Below this line are records; write out exactly the lines from the one containing "Chính chủ cần" through the one containing "Darcy Loveseat | Ashley Furniture HomeStore", with the pictures left out.

DATA FOR THIS EXERCISE:
------------------------------------------------

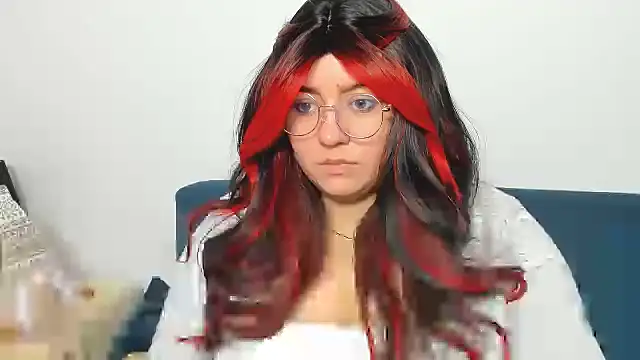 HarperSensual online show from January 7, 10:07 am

------------------------------------------------

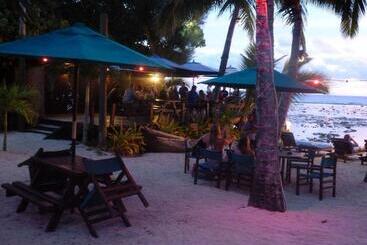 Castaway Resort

------------------------------------------------

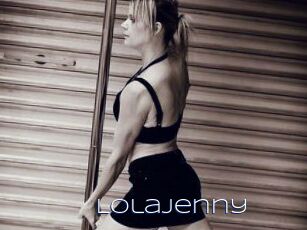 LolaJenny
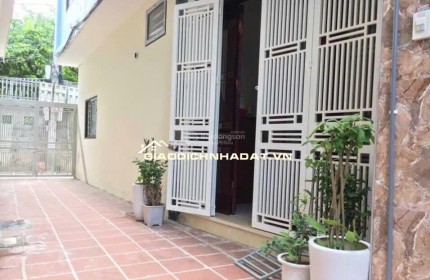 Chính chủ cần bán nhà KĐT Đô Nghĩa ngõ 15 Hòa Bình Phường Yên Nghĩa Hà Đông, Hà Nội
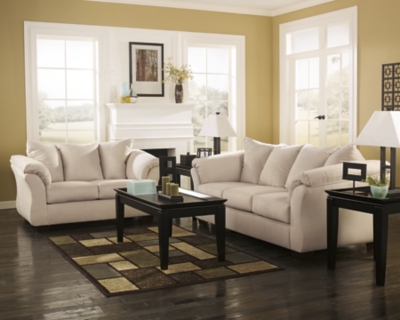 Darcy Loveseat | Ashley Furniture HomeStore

------------------------------------------------

EXPECTED ANSWER:
 Chính chủ cần bán nhà KĐT Đô Nghĩa ngõ 15 Hòa Bình Phường Yên Nghĩa Hà Đông, Hà Nội
 Darcy Loveseat | Ashley Furniture HomeStore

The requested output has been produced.